(WORK TO COMPLETE): Make an exact copy of the lines from the one containing "2023 Summit White" through the end of the records below, and leave out every picture.

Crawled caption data
<<<<
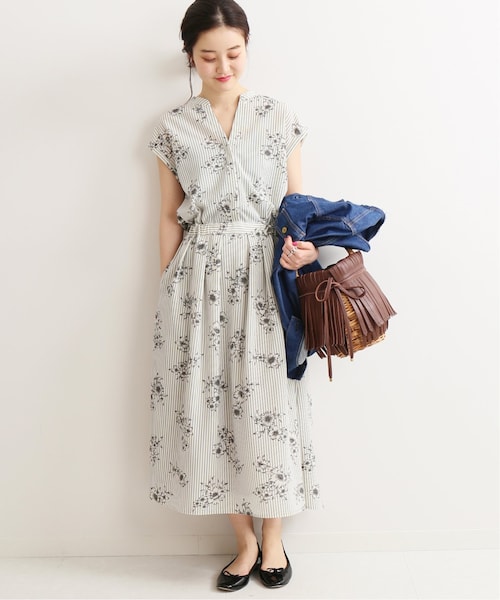 美品　IENA イエナ スキッパーシャツワンピース フレンチスリーブ 38 IENA（イエナ）の「《追加3予約》ストライプフラワースキッパー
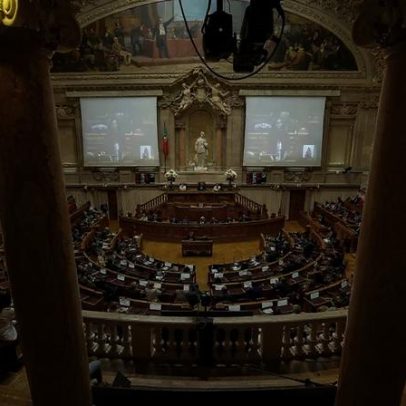 Parlamento aprova gratuitidade da assistência a pessoas com deficiência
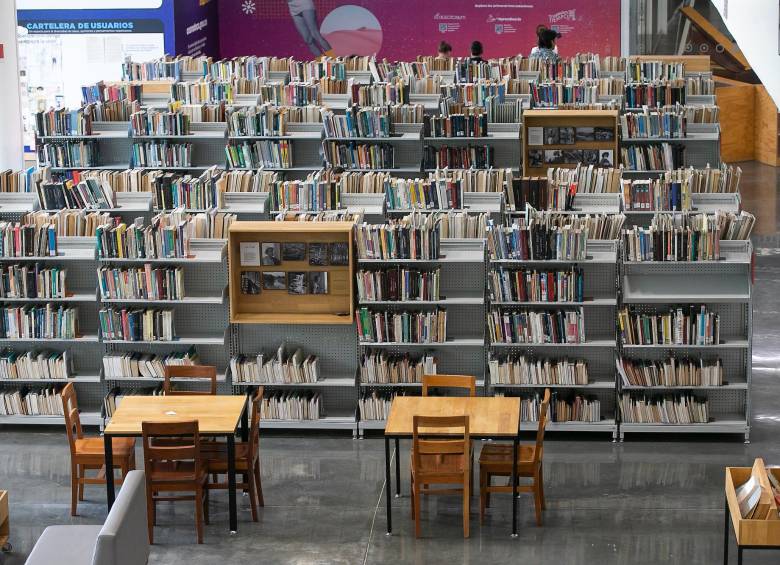 La Piloto llega a los setenta años en camino de convertirse en museo y con una amplia oferta de libros, audiolibros y experiencias educativas. Foto: Esneyder Gutiérrez.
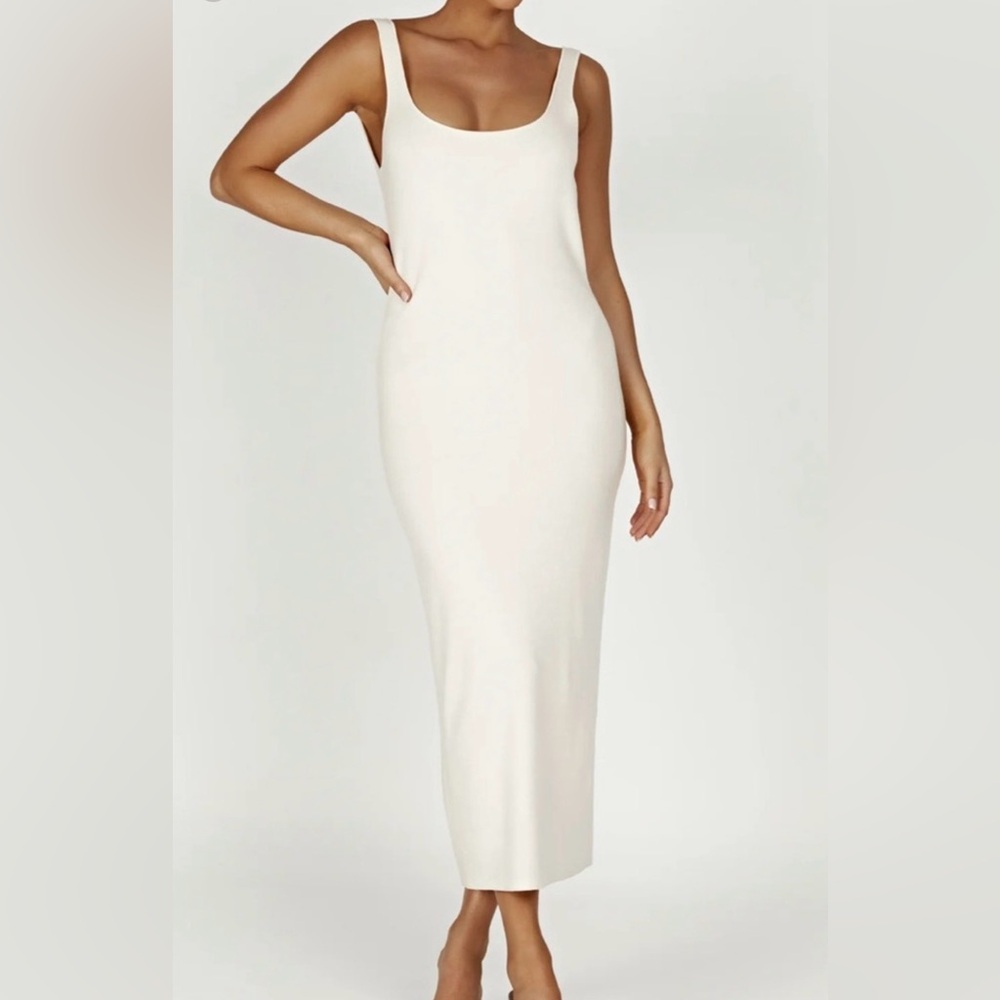 Meshki Off-White Scoop Neck Ribbed Maxi Dress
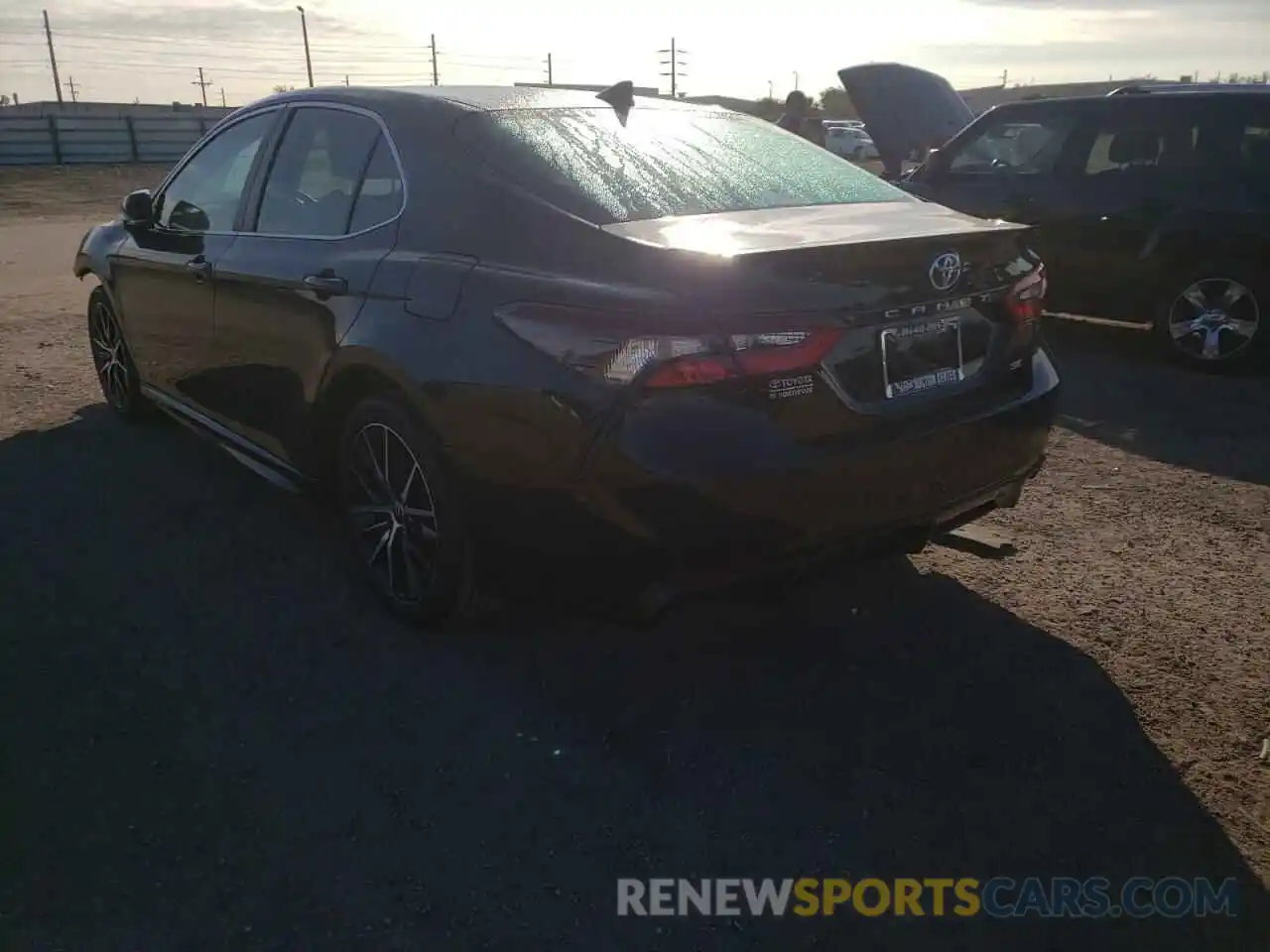 3 Photograph of a damaged car 4T1T11AK0NU637403 TOYOTA CAMRY 2022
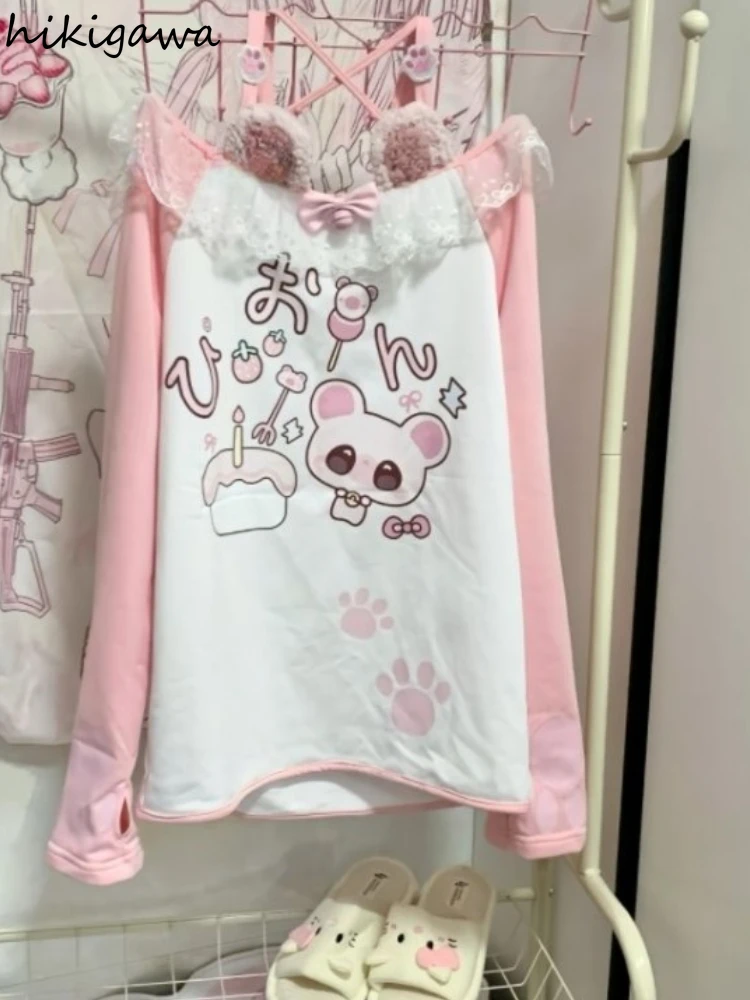 تي شيرت ياباني حلو تي شيرت 2025 ملابس نسائية برقبة مائلة وأكمام طويلة تي شيرت Y2k قطع علوية مرقعة من الدانتيل مطبوع عليه رسوم كارتونية تي شيرت لطيف #1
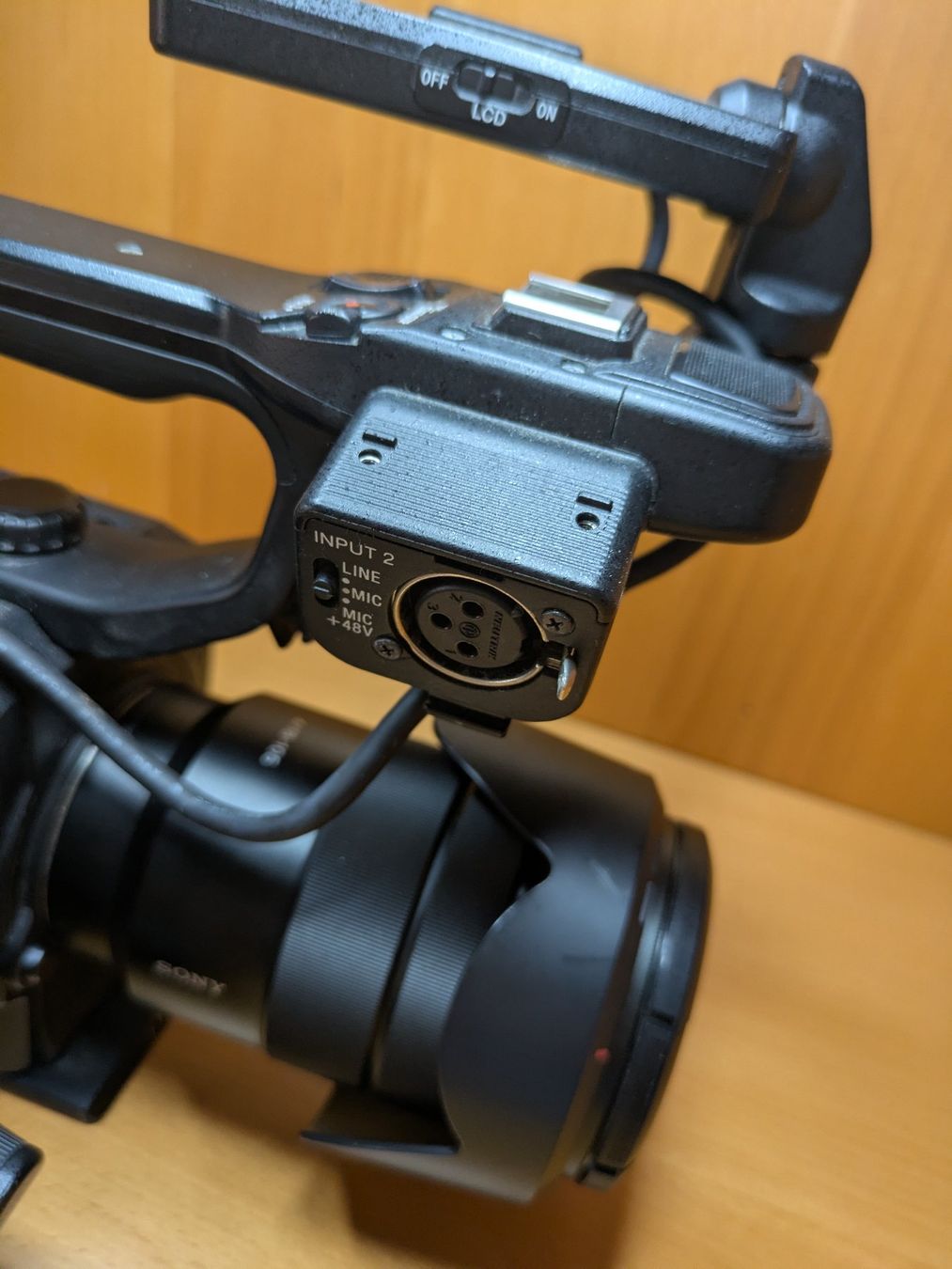 Sony Videocamere: Sony PXW-FS5 4K mit Objektiv – Usato da Neerach venduto da ciegolink 8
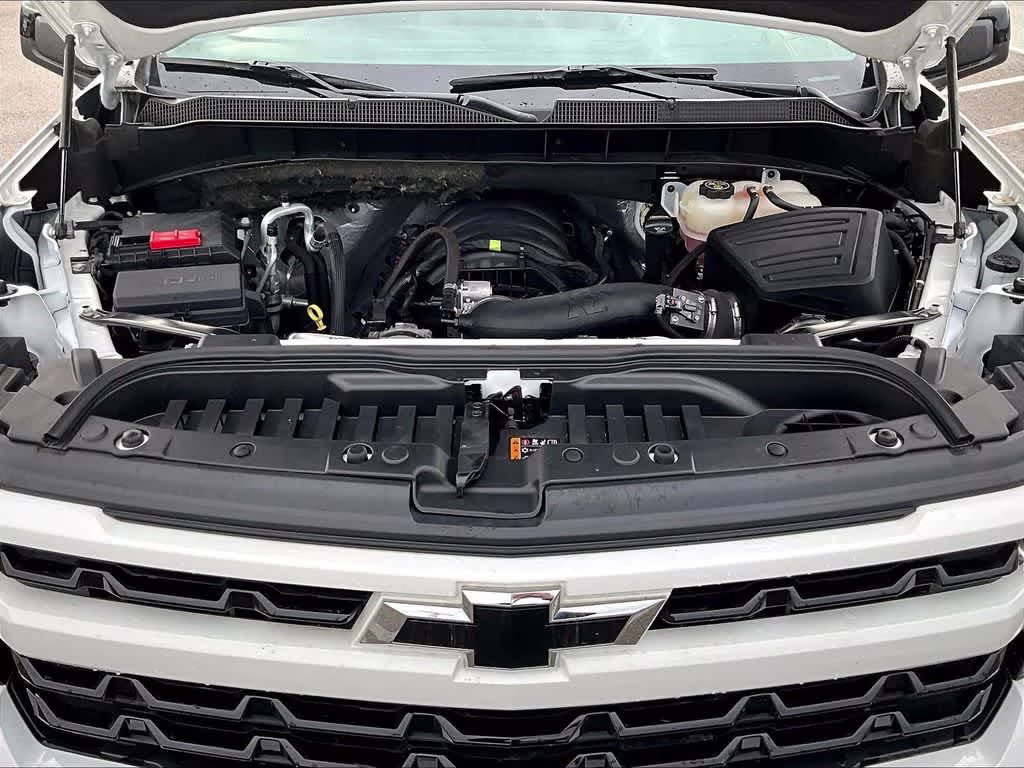 2023 Summit White Chevrolet Silverado 1500 RST 4X4 Truck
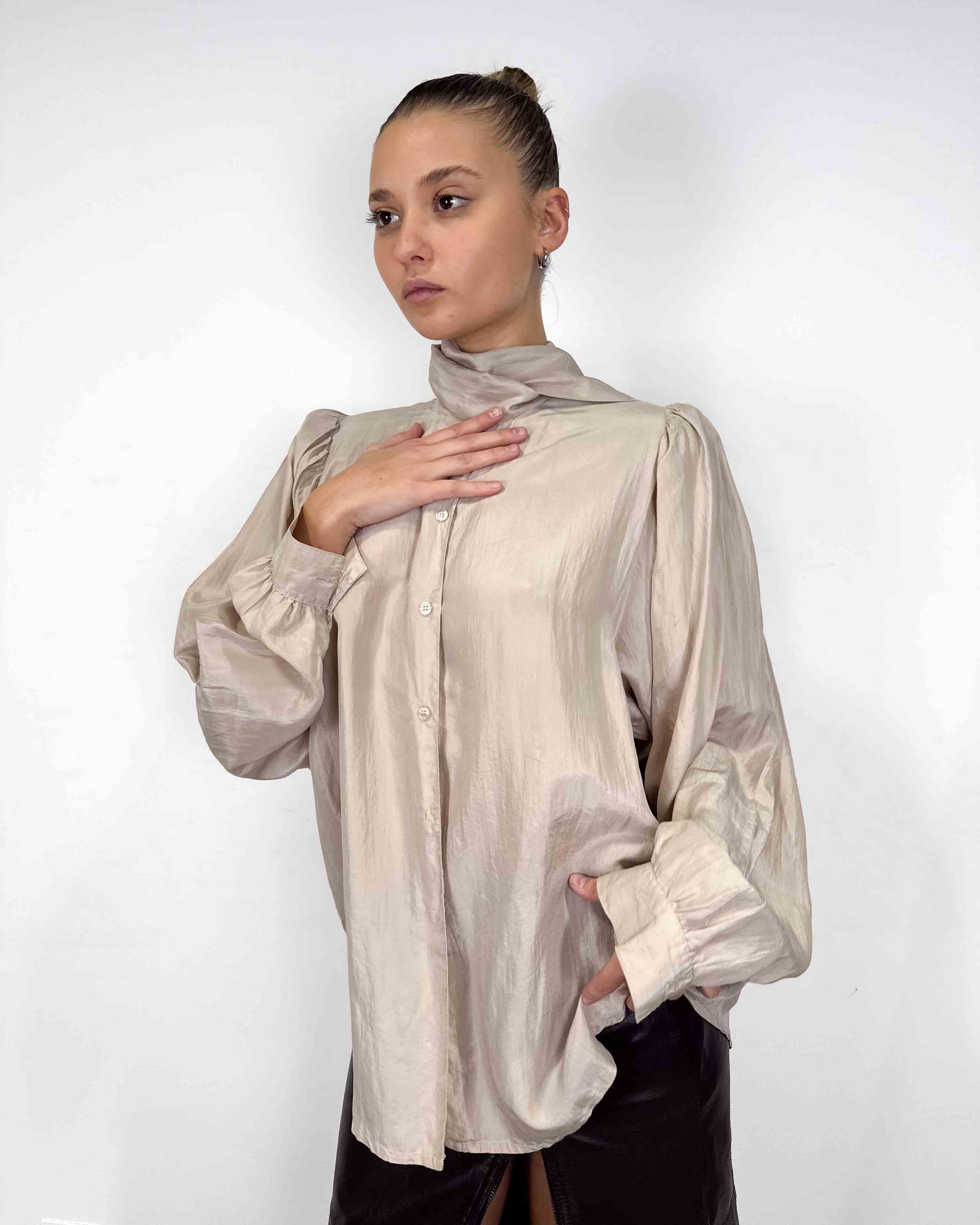 The lia shirt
>>>>
(RESPONSE):
 2023 Summit White Chevrolet Silverado 1500 RST 4X4 Truck
 The lia shirt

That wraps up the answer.